What is GiGL?#
GiGL (Gigantic Graph Learning) is an open-source library designed for training and inference of Graph Neural Networks (GNNs) at a very large scale, capable of handling billion-scale heterogeneous and feature-rich graph data. This library provides:
support of both supervised and unsupervised machine learning applications on graph data - including tasks like node classification, link prediction, self-supervised node representation learning, etc.
abstracted designs to gracefully interface with modern ML libraries such as PyTorch and TensorFlow
flexible GNNs modeling with commonly used graph ML modeling libraries such as PyG and DGL,
utilities to enable data transformation, orchestration and pipelining of GNN workflows, which are particularly useful in large-scale deployments and recurrent applications.
At high level, GiGL abstracts the complicated and distributed processing of the gigantic graph data aways from the users, such that users can focus on the graph ML modeling with the open-source libraries that they might already be familiar with (PyG, DGL, etc). For more background, please check out our research blog and paper.
Why use GiGL?#
GiGL was designed to address a single need: to enable ML researchers, engineers, and practitioners explore and iterate on state-of-the-art graph ML models on large-scale graph data without having to stray far from the familiarities of common open-source modeling libraries like PyG and DGL which are widely adopted in the research community. These libraries have immense community support, especially for modeling advances and allowing native state-of-the-art GNN research implementations.

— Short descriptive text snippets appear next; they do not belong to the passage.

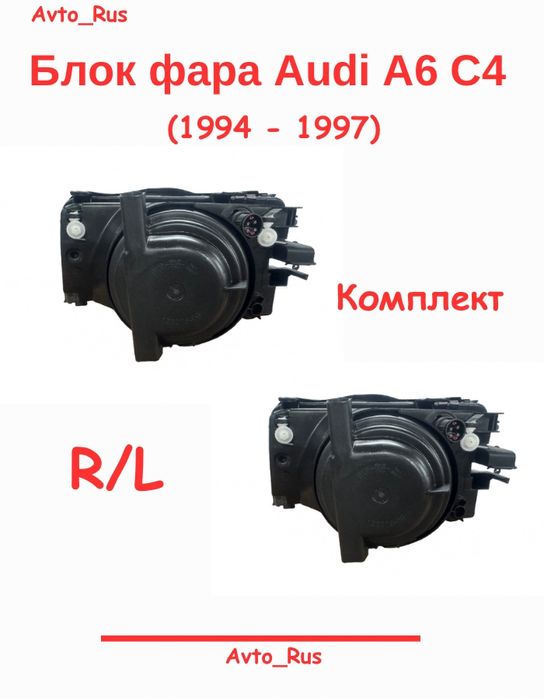 Блок-фара Audi A6 C4 (1994–1997)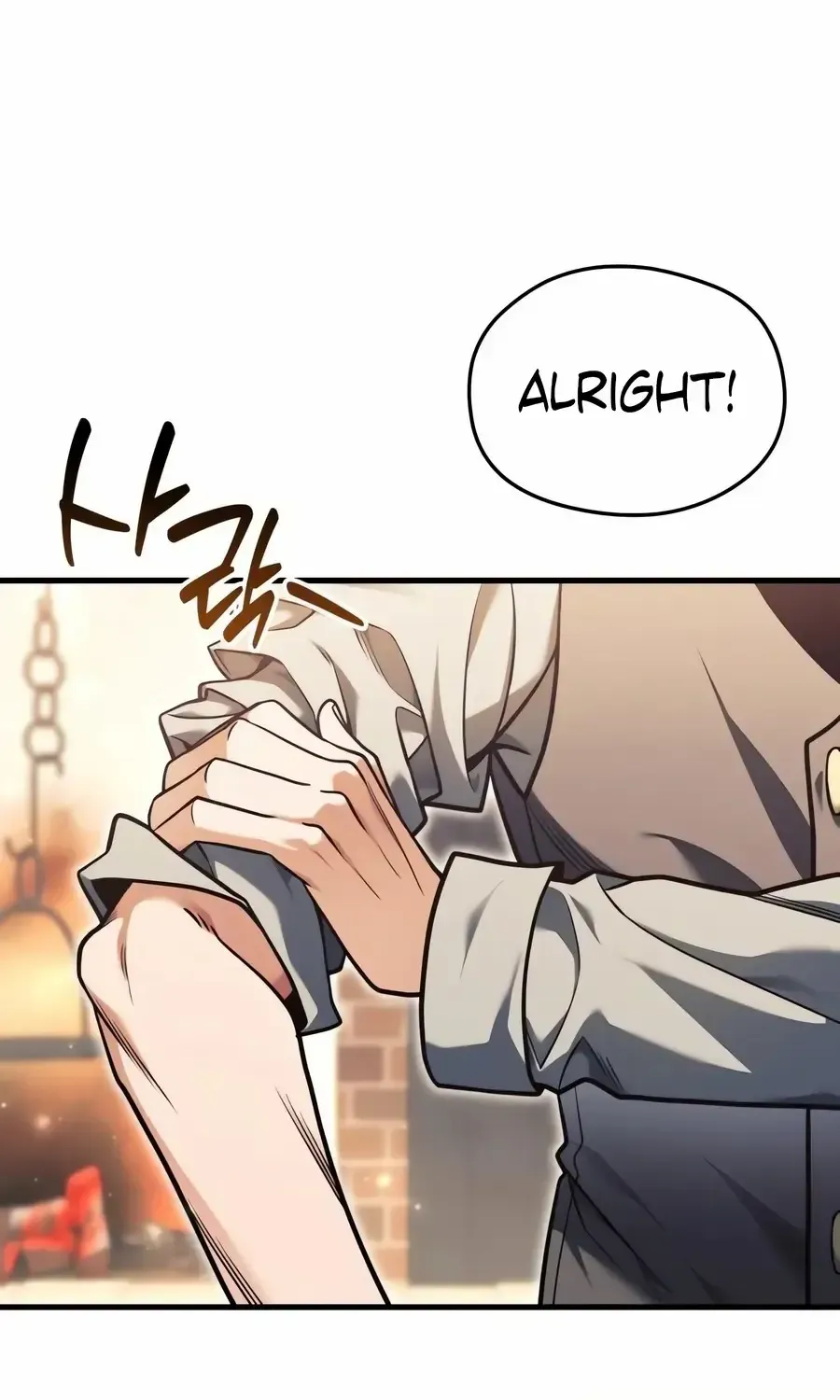 Read Feasting Lord in Another world chapter 4.1 image 69 on Lezhin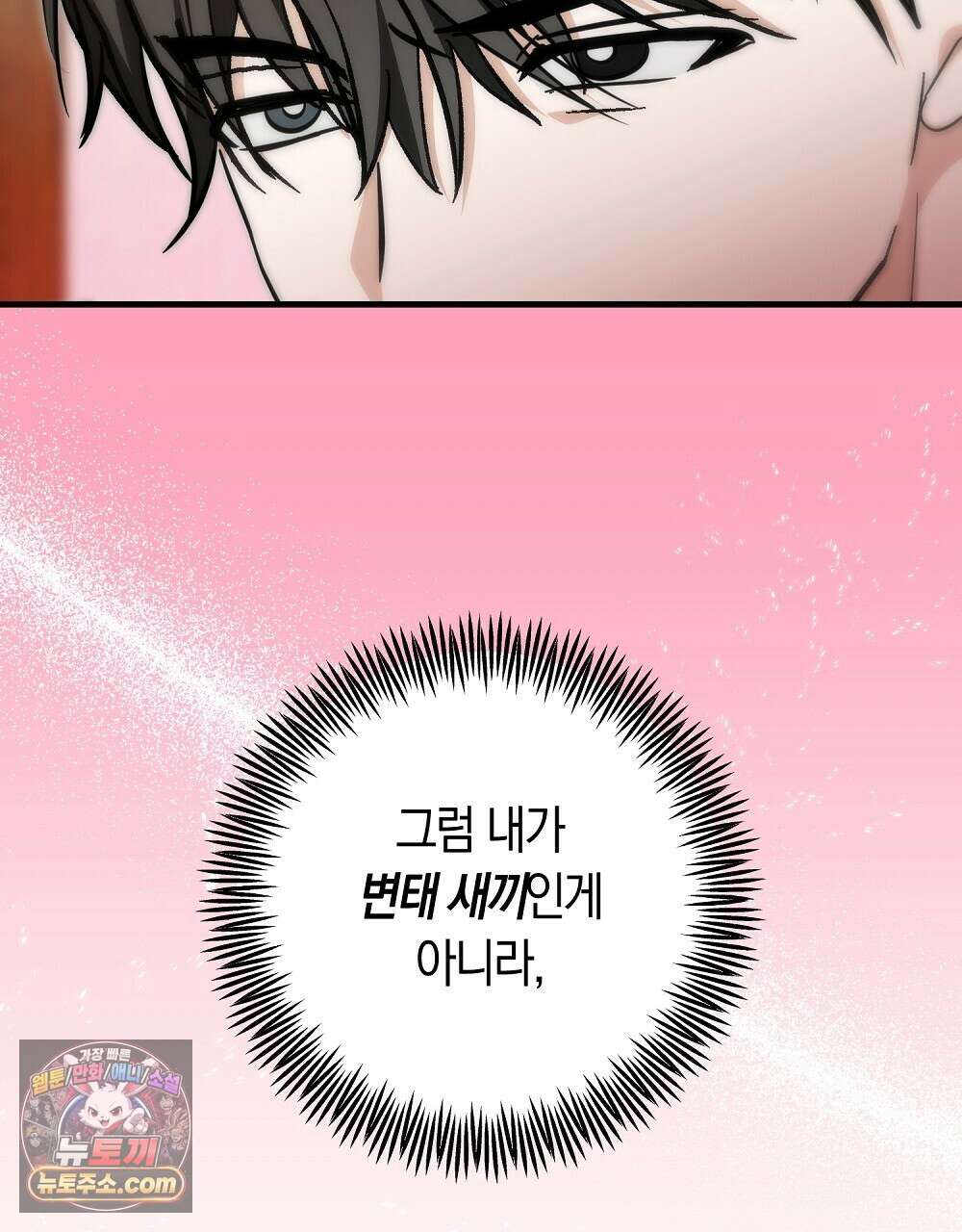 최면 순애 어플 6화 115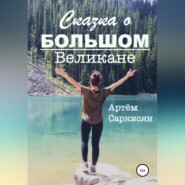 Сказка о большом великане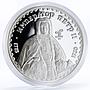 Russia Russian Tsars series Emperor Peter the Second proof silver medal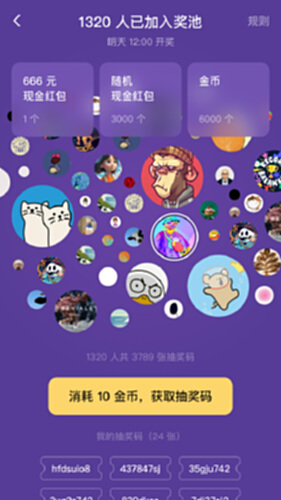火箭抽奖小程序电脑版截图2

However, using these libraries to scale up to extremely large graphs beyond million-scale is challenging and non-trivial.
GiGL is designed to interface cleanly with these libraries (for the benefit of ML researchers and engineers), while handling scalability challenges with distributed data transformation, subgraph sampling, and persistence behind-the-scenes with performant distributed libraries which the end-user needs minimal understanding of. Moreover, GiGL enables large-scale component re-use, i.e. allowing for settings where expensive transformation and subgraph sampling operations required to train GNNs can be generated once and re-used for hyperparameter tuning, experimentation, and iteration multiple times with large cost-amortization potential. This can be hugely useful in maintaining low and efficient cost-profiles in production settings at both training and inference-time, where multiple team-members are iterating on models or multiple production inference pipelines are running.

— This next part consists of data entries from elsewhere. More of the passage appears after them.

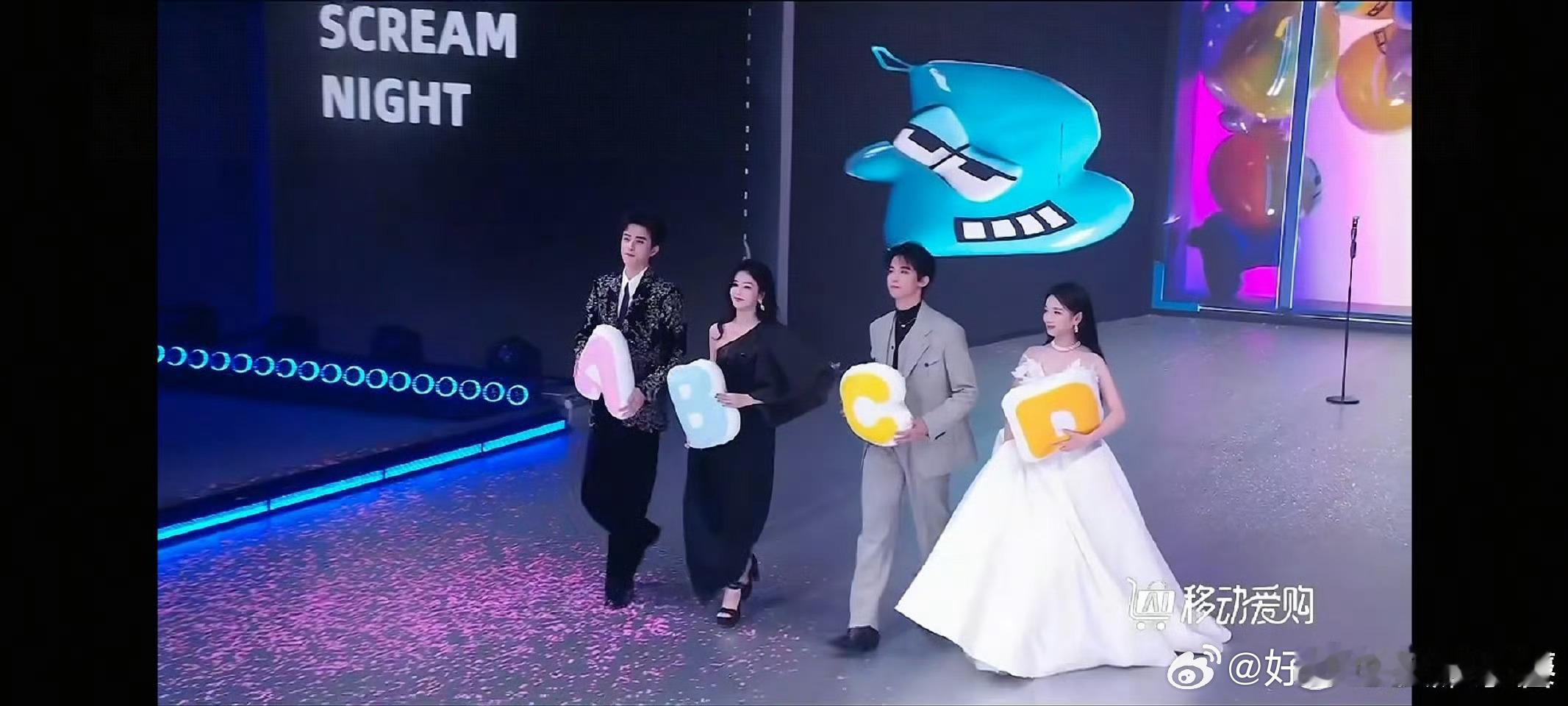 爱奇艺的年度销冠都在这儿了实力铸就荣耀！恭喜白鹿敖瑞鹏、刘宇宁李一桐、任嘉伦宋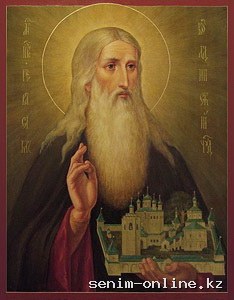 Прп. Герасима Болдинского (1554).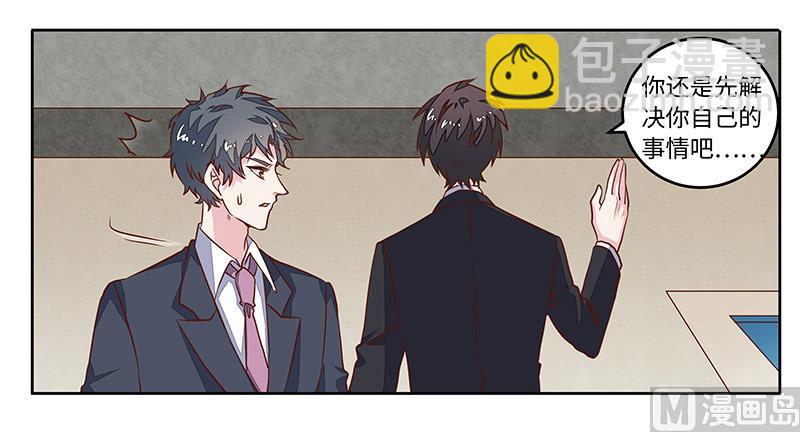 第66话 夜半长谈-第66话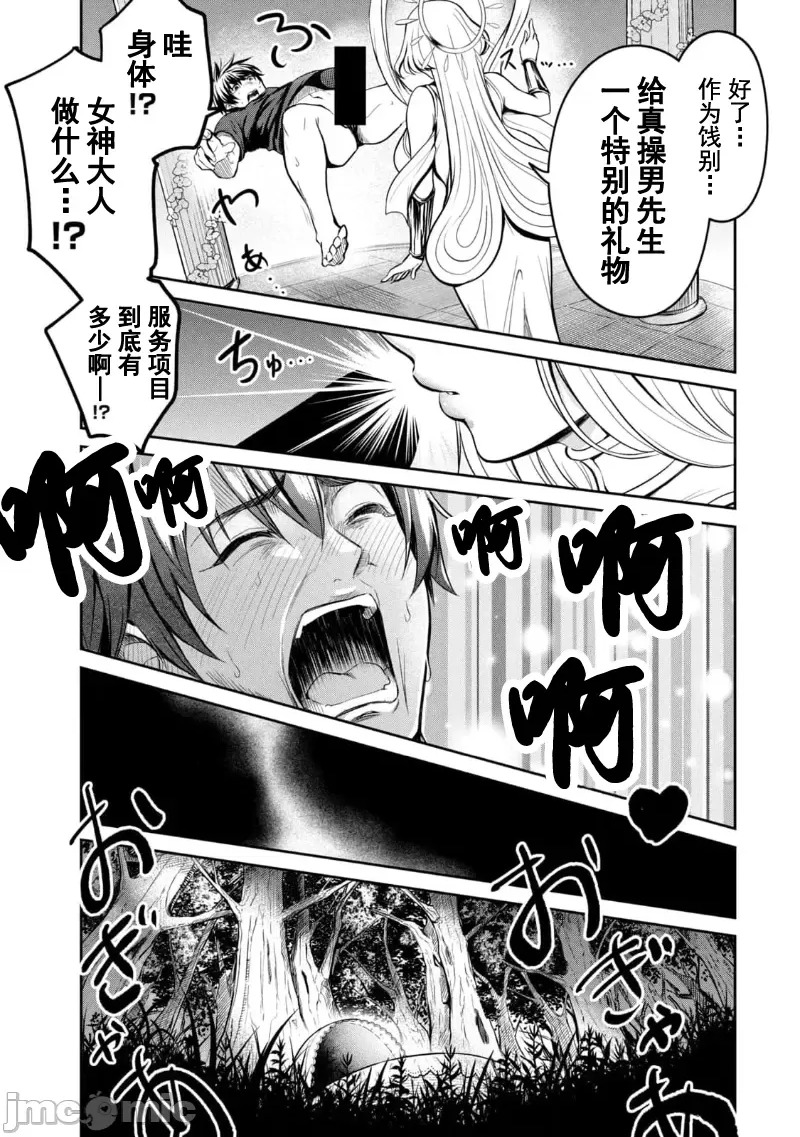 异世界好色无双錄 第01话 天职【竿师】 9/61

If you are a ML practitioner, engineer, and/or enthusiast who is interested in working with and deploying GNNs on very large-scale graph data, you will find GiGL useful.
Why not use GiGL?#
GiGL is designed with large-scale GNN settings in mind. For academic benchmarking and experimentation on smaller graphs (ones that can be easily fit in RAM), open-source modeling libraries and built-in abstractions within PyG and DGL for data transformation, subgraph sampling, data splitting, training and inference may be suitable and easier to use directly. There is overhead introduced in GiGL compared to these libraries for distributed environment setup and execution, and while this overhead is marginal in proportion to the benefits in large-scale scenarios, it may be outsized in small-scale ones.
How does GiGL work?#
GiGL is designed with horizontal-scaling across many compute resources in mind, which makes it a good fit to run on custom compute clusters and cloud-offerings. While vertically scaled GNN solutions are feasible to a limit, thanks to advances in memory, core and GPU capacity in single machines, this limit is quickly saturated and needs frequent revision as we consider graphs with more nodes, edges, and feature-rich data. Horizontal scaling is a resilient ideology which in principle (and in practice, as we have found) allows for elastically scaling resources based on needs, which is particularly appealing when considering deployment settings where scale of data can change rapidly with e.g. user or platform growth.

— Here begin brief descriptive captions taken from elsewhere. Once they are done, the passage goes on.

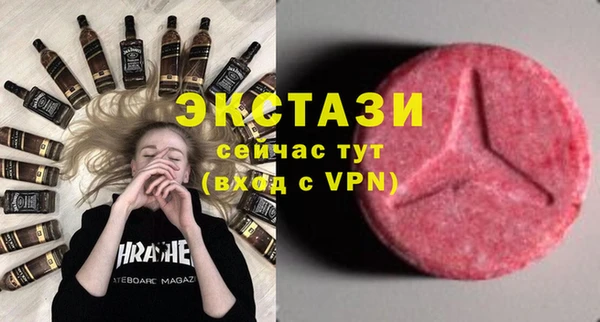 эйфоретик Армянск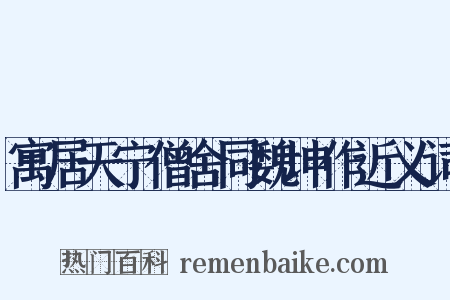 寓居天宁僧舍同魏坤作近义词是什么意思的图片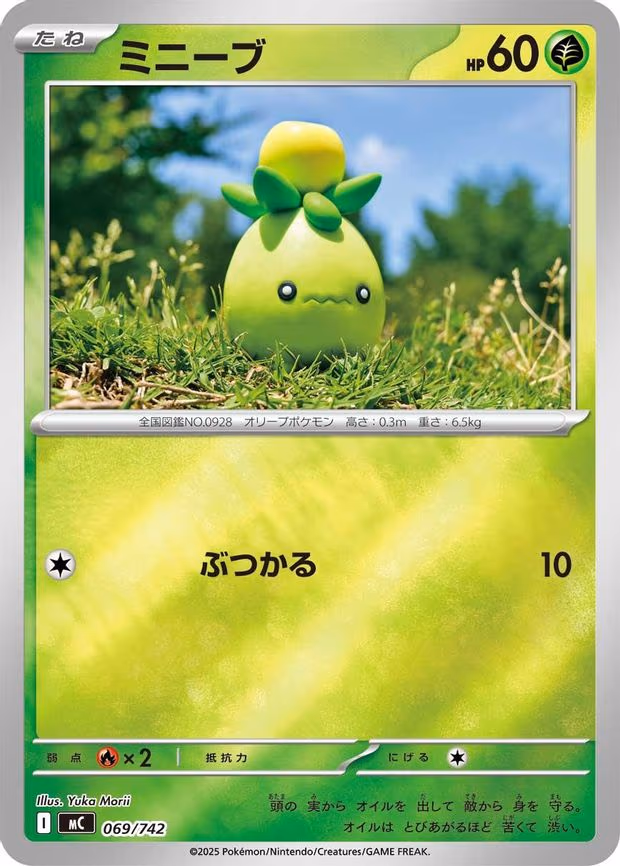 Smoliv (Mirror Holo) (069/742)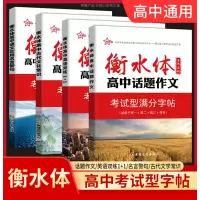 4本套装 高中通用 [正版]2023新版新衡水体字帖-高中古代文化常识+高中话题作文+高中语文实用名言警句+高中英语双练
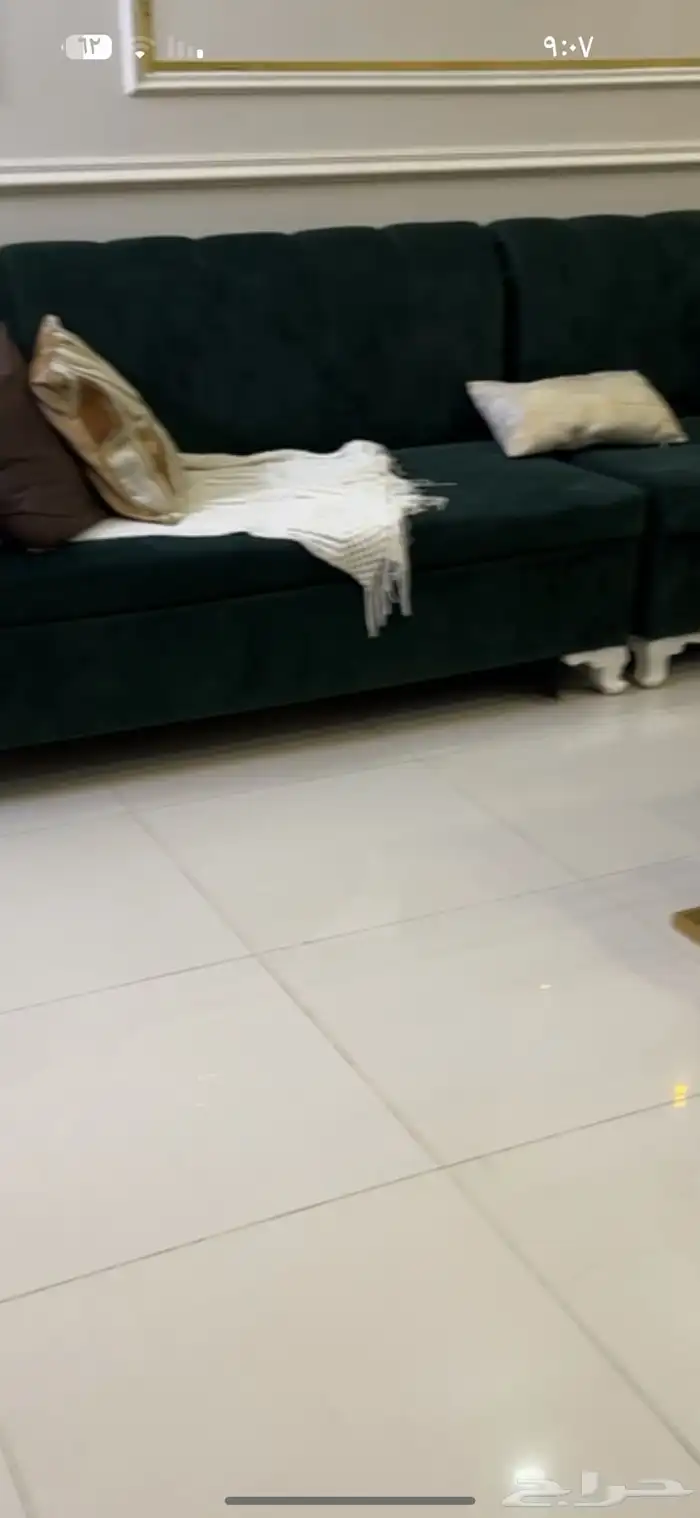 كنب كامل مع ستاره 2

GiGL is comprised of the following 5 components (more details on them):
Data Preprocessor Distributed feature transformation pipeline which allows for feature-scaling, normalization, categorical-feature handling (encoding, vocabulary inference), and more.
Subgraph Sampler Distributed subgraph generation pipeline which enables custom graph sampling specifications to dictate message-passing flow, and custom sample generation (e.g. handling positive/negative sampling) to facilitate tasks like node classification and link prediction.
Split Generator Distributed data splitting routine to generate globally consistent train, validation and test splits according to flexible split strategies (transductive, inductive, custom, time-based, etc.)
Trainer Distributed model trainer which consumes data output by Split Generator to do model training, validation and testing dictated by user code to generate model artifacts.
Inferencer Distributed model inference which generates embeddings and/or class predictions dictated by user code.
Each of these components is run in specification with some combination of user code for flexibility, and a configuration file which is partially user-specified and partially auto-generated with a precursor component called Config Populator which houses the details on what logic will run, and where the resulting intermediate and final assets (transformed data, splits, model artifact, inferences) will be stored.